Dr. Sidibe's project has come to an end. The PI reports that they emphasis is in the conclusion of one of their papers that the development of new technology is not a panacea but the beginning of a long process of matching the intention of designers and the need and desire of users. The uptake and use of technology are therefore a collective performance build around an iterative process revolving around a feedback mechanism between trials, errors, and redesign. The technology diffusion and intake could make a leapfrog if a feedback mechanism between the design and the use is clearly established since the onset and integrated to the diffusion and the adoption process. It is essential to consider that the technology is designed with embodied intentions that need to engage in open discussions and accommodate the needs, aspirations, and desires of the users driven by specific socioeconomic conditions different from the designers ’ones and in which the technology is introduced. That suggests that the adaptation of technology to users’ conditions and aspirations is essential for technology intake.

6-157 Sidibe
PEER project students. Photo courtesy of Dr. Sidibe

This study also invites to make a distinction between the adoption of, on one side, digital technologies whereby the users remain engaged in a collective performance with the service provider and other technologies such as seeds and fertilizers which once acquired is used upon the individual decisions and performance of farmers. That conclusion leads to the following highlights:
  • Rather than a panacea, the development of new technology is the beginning of a long process of matching the intention of designers and the need and desires of users.

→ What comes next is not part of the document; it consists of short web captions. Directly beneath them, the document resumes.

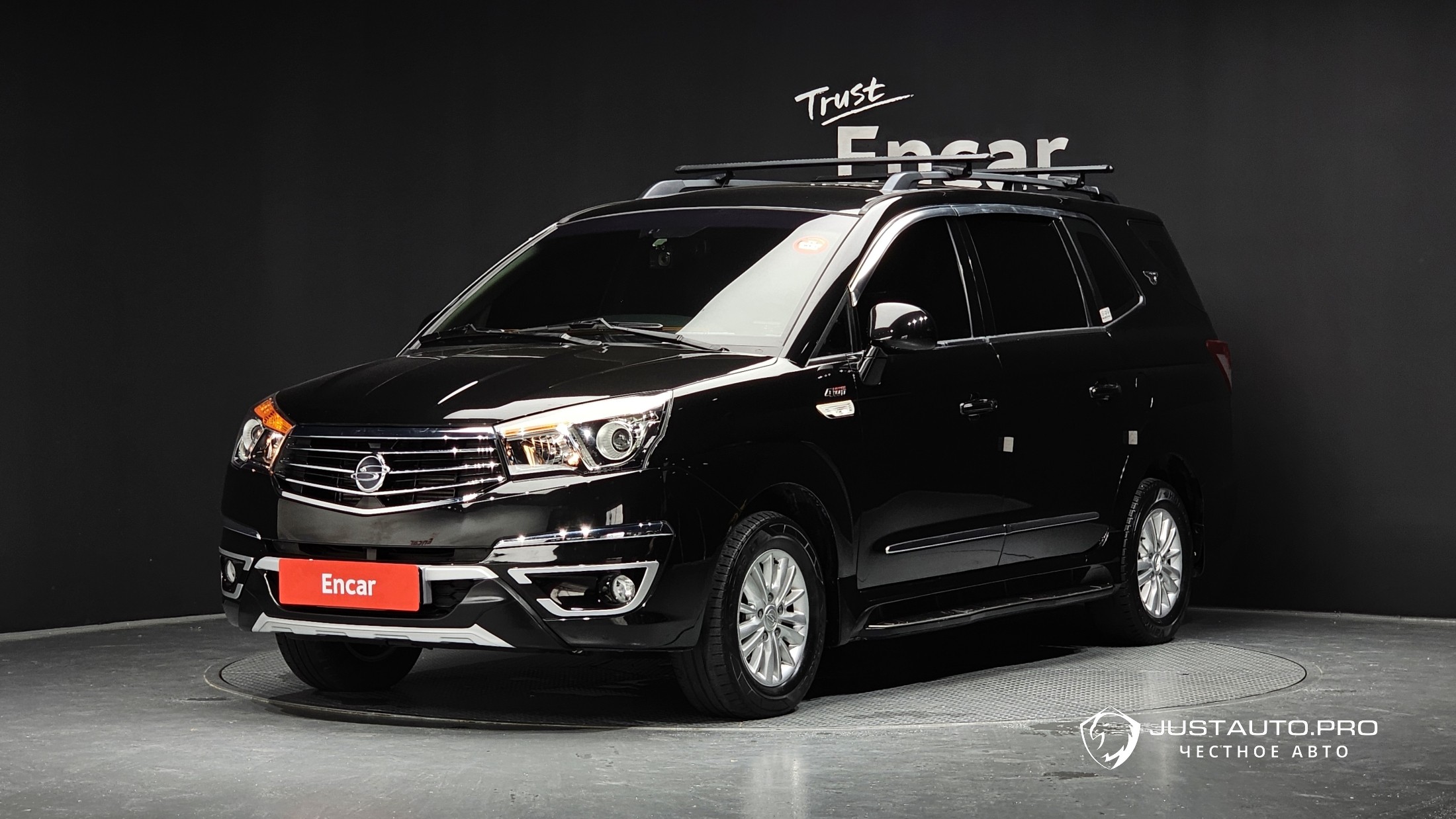 Автомобиль KG_Mobility_Ssangyong KORANDO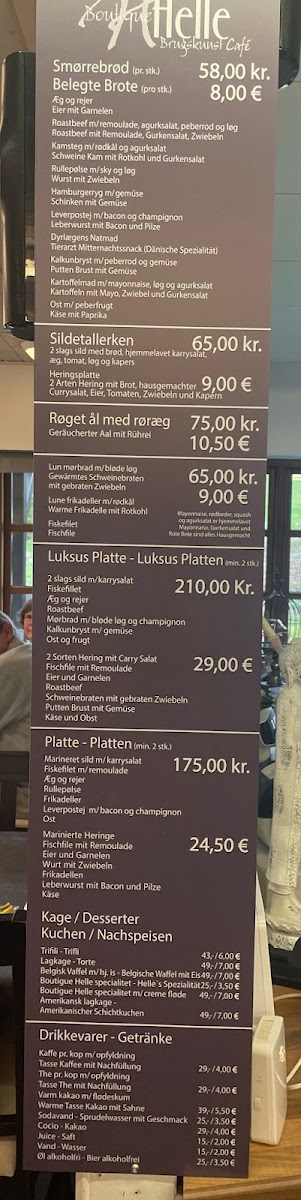 Boutique Helle, Cafe, Brugskunst & Møbler Outlet - 2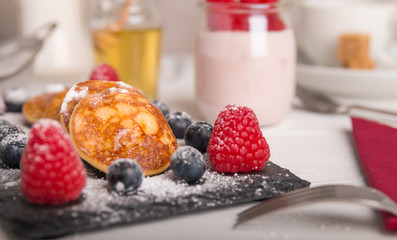 mini pancakes with fruit and honey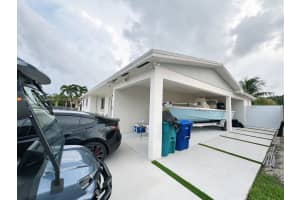 17030 NW 86th Ave, Hialeah, FL 33015, Sold 12/30/24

  • The uptake and use of technology are the outcomes of an iterative process between trials, errors, and redesign.
  • The technology diffusion and intake could make a leapfrog in developing countries if a feedback mechanism between design and use is integrated at the onset of the diffusion and adoption process.
  • Digital technologies whereby the user remains engaged in a collective performance with the service provider differ from other technologies such as seeds and fertilizers which adoption and use are mainly based on individual decisions and performance of farmers.
The positive outcome of their research is that it allowed the different stakeholders to get together and to discuss the issues of concern around the use of digital technologies. This raised the awareness of the telephone company for instance on the need to enlarge the network coverage and to take additional measures for widespread use of the services they provide including adapting the services to socioeconomic conditions of users in terms the way to charge the service provision, the nature and the quality of the service.
Their feedback events pointed to the need for the telephone company to consider the way they communicate with farmers the users of technologies.